The United Kingdom's Alistair Darling will push fellow European Union finance ministers to scale back proposed banking rules that could force their governments to use taxpayer funds to prop up failing institutions in an emergency.
Darling, Britain's chancellor of the exchequer, was to argue at a meeting of EU finance ministers in Brussels today that the proposal to create a single regulator for European banks would hit the United Kingdom harder due to London's status as a financial center, an EU official said.

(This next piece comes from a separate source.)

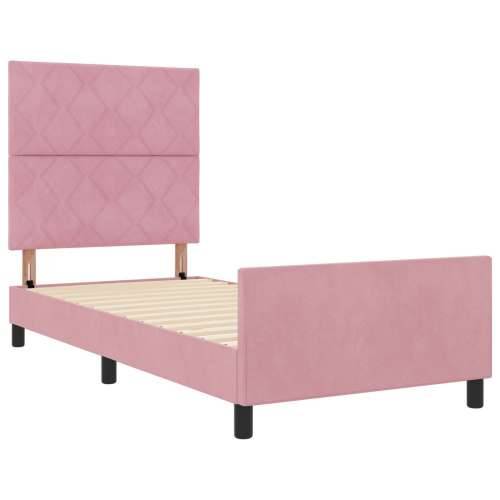 Krevet od pink baršuna 100x200 cm Cijena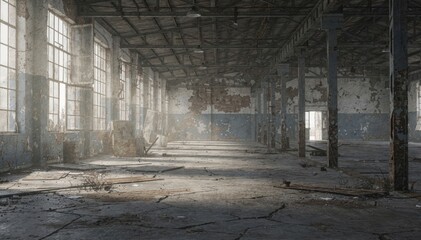 Abandoned Industrial Warehouse with Broken Windows and Cracked Floor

The United Kingdom also is concerned that the agency could deal directly with financial companies if national supervisors refused to act.
Darling's push comes amid U.K. concern that the appointment last week of Michel Barnier — an ally of French President Nicolas Sarkozy — to be EU commissioner for internal markets will mean a tougher regulatory regime for London during his five-year term.
"The million-dollar question is whether, if these powers are eventually conferred onto the European authorities, the British are prepared to go to the European Court of Justice," the EU's highest court, to challenge the proposals' legality, Simon Gleeson, a partner in Clifford Chance LLP, said.
The European Commission in September proposed a system of European regulators, including separate supervisory authorities for the banking, securities and insurance industries, as well as a European Systemic Risk Board to monitor macroeconomic risks. It has proposed rules to regulate the financial services industry more closely, in light of the most severe banking crisis since the Great Depression.
European finance ministers are discussing the rules proposals at meetings in Brussels. The biggest obstacles to an agreement are "the exact binding powers of the European supervisors and with which voting rights that will be decided upon," Dutch Finance Minister Wouter Bos said Tuesday.
"Small countries benefit most from a well-functioning European supervisor," Bos told reporters in Brussels. "Big countries don't like to be corrected by a European authority."
Swedish Finance Minister Anders Borg, whose government holds the rotating EU presidency, said a "general approach on supervision" should be reached by today. "We had the worst financial crisis that we experienced in our lifetime," Borg told reporters, "and it is now time to come to an agreement and reach the decisions necessary."
France's Barnier, as the new internal markets commissioner, is to be responsible for proposing EU rules covering banks and other financial services companies throughout the Union. "It's the first time in 50 years that France has had this role," Sarkozy said in an interview with Le Monde published Nov. 28. "The English are the big losers in this business."
The proposed EU regulations may end the United Kingdom's role as a self-regulating financial center similar to Hong Kong, according to Thomas Huertas, the banking director at Britain's Financial Services Authority. "The U.K., and London in particular, has had the opportunity to be the Hong Kong to Europe," Huertas said at a debate Monday night on the future of the City of London, the U.K. capital's financial district.
"I am not sure that the rest of Europe wishes to allow that situation to persist," he said.
Barnier's appointment "proves that Europe has taken the consequences of the crisis" into account, Sarkozy said Tuesday.